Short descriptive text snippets

-*-

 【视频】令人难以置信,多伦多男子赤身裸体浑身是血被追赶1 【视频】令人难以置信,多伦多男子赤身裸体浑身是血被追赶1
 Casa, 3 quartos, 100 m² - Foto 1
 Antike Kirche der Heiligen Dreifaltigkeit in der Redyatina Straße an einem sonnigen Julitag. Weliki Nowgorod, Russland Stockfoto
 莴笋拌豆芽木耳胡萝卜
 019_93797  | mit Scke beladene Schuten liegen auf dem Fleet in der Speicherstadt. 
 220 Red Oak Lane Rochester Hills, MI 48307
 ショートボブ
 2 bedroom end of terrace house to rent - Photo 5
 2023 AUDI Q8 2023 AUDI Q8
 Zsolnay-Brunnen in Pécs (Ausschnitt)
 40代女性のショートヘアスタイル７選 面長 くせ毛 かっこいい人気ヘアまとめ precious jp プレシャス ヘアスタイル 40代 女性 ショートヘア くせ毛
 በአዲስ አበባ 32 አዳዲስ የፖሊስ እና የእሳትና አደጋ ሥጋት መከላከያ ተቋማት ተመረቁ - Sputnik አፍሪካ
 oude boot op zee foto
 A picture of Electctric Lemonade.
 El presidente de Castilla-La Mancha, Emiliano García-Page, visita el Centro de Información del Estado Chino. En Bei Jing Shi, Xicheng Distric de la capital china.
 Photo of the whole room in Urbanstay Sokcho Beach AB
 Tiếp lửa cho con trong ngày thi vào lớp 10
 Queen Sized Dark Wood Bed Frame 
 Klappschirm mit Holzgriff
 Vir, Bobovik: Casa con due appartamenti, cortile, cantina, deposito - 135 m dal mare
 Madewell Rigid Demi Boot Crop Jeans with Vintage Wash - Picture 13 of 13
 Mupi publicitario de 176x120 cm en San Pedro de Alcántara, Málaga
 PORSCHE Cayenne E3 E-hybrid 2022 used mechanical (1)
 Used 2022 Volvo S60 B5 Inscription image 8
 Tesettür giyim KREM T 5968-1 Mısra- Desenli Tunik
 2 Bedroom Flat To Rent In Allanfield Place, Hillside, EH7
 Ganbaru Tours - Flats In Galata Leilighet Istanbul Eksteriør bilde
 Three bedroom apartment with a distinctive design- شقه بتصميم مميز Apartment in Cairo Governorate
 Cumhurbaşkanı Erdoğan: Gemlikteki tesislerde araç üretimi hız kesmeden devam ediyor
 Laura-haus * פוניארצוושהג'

-*-

» About this task: Wherever the line holding "El presidente de" falls in the entries above, copy exactly from it through the line holding "Queen Sized Dark Wood Bed Frame", inclusive, and add nothing.

» The answer:
 El presidente de Castilla-La Mancha, Emiliano García-Page, visita el Centro de Información del Estado Chino. En Bei Jing Shi, Xicheng Distric de la capital china.
 Photo of the whole room in Urbanstay Sokcho Beach AB
 Tiếp lửa cho con trong ngày thi vào lớp 10
 Queen Sized Dark Wood Bed Frame 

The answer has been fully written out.